“Rich feature hierarchies for accurate object detection and semantic segmentation,” posted to arXiv in November 2013 by Ross Girshick, Jeff Donahue, Trevor Darrell, and Jitendra Malik of UC Berkeley, carried the deep-learning revolution from image classification into object detection. Where AlexNet had shown a convolutional network could say what is in an image, R-CNN tackled the harder problem of finding where multiple objects are and drawing boxes around them.
The system, named R-CNN for “Regions with CNN features,” works in stages. It first generates roughly two thousand candidate “region proposals” - boxes that might contain an object - using a separate bottom-up method. Each region is then warped to a fixed size and passed through a convolutional network to extract features, and a set of linear support vector machines classifies what, if anything, each region contains. Crucially, the authors showed that pretraining the network on the large ImageNet classification dataset and then fine-tuning it for detection worked far better than training from scratch on scarce labeled detection data.

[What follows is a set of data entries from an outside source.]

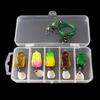 Topwater Frog Lures Set Realistic Appearance Sharp Hook Design Frog Artificial Soft Baits Freshwater Simulated Frog Lures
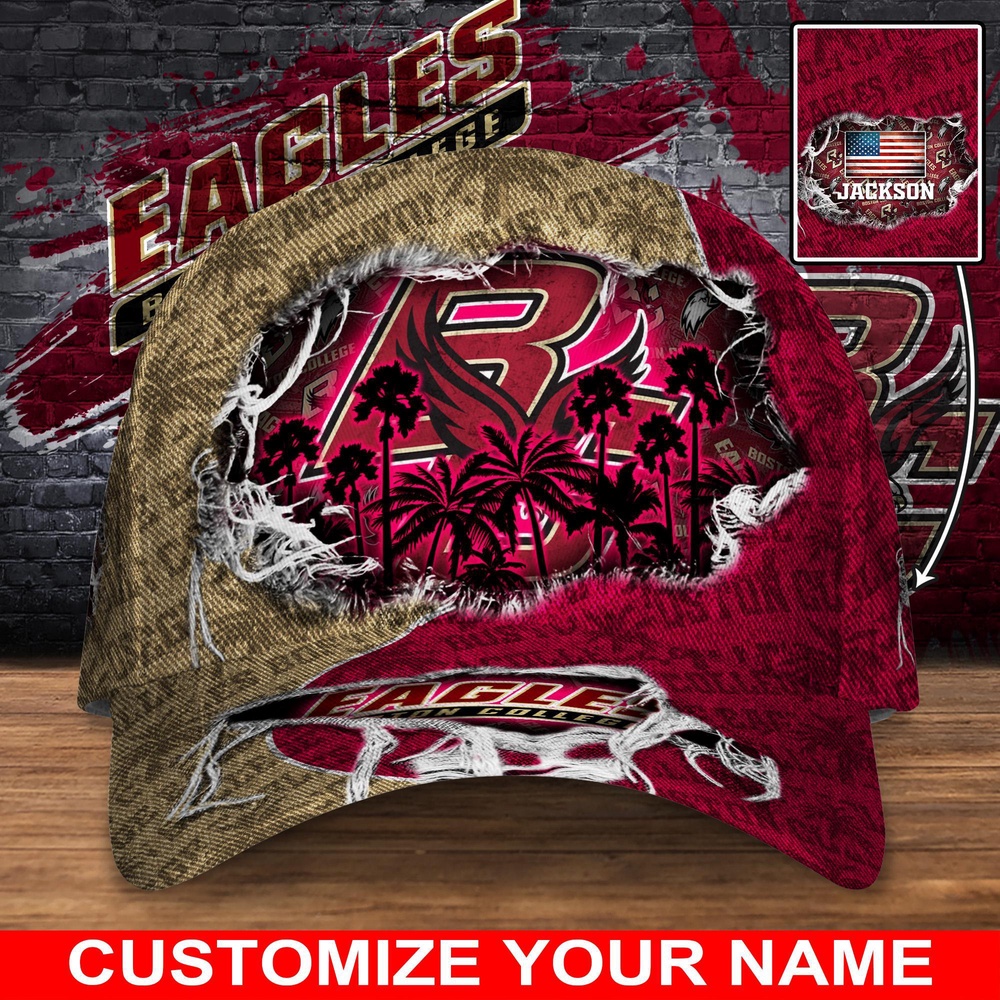 Customized NCAA Boston College Eagles Baseball Cap Sleek Layers Of Bliss Customized NCAA Boston College Eagles Baseball Cap Sleek Layers Of Bliss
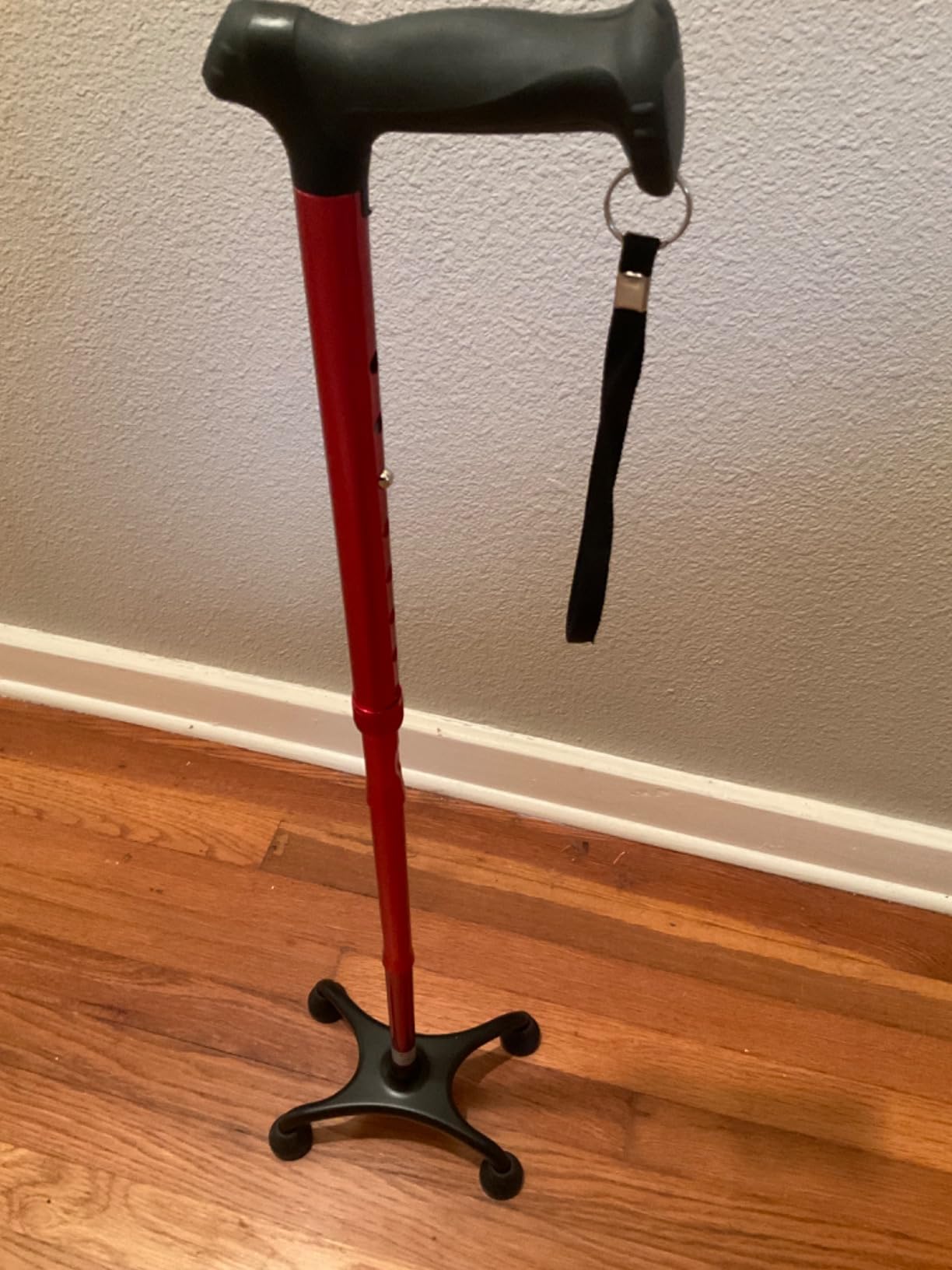 Rehand Quad Cane, Walking Cane with Ergonomic Handle Ever and Graceful 4-Pronged Base for Extra Stability, Adjustable Walking Sticks for Right or Left Handed Men & Women and Seniors customer photo 1
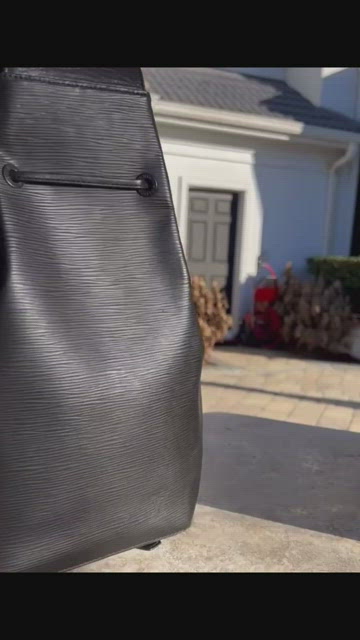 Louis Vuitton Black Epi Noir Sac a Dos Sling Backpack Hobo Drawstring 859821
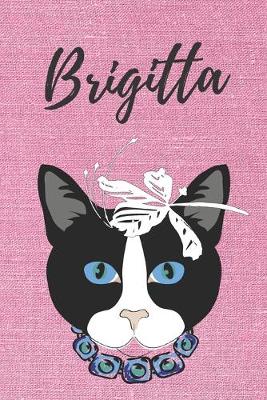 Book cover for personalisiertes Geschenke Notizbuch Katze / Malbuch / Tagebuch / Journal / DIN A5 / Brigitta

R-CNN improved mean average precision on the PASCAL VOC 2012 benchmark to 53.3 percent, more than 30 percent better in relative terms than the previous best. It was slow - running a CNN on two thousand regions per image is expensive - and the authors and others soon produced faster successors (Fast R-CNN, Faster R-CNN) and single-pass detectors like YOLO. But R-CNN established the template for modern detection and demonstrated that learned features plus transfer learning beat hand-engineered pipelines decisively.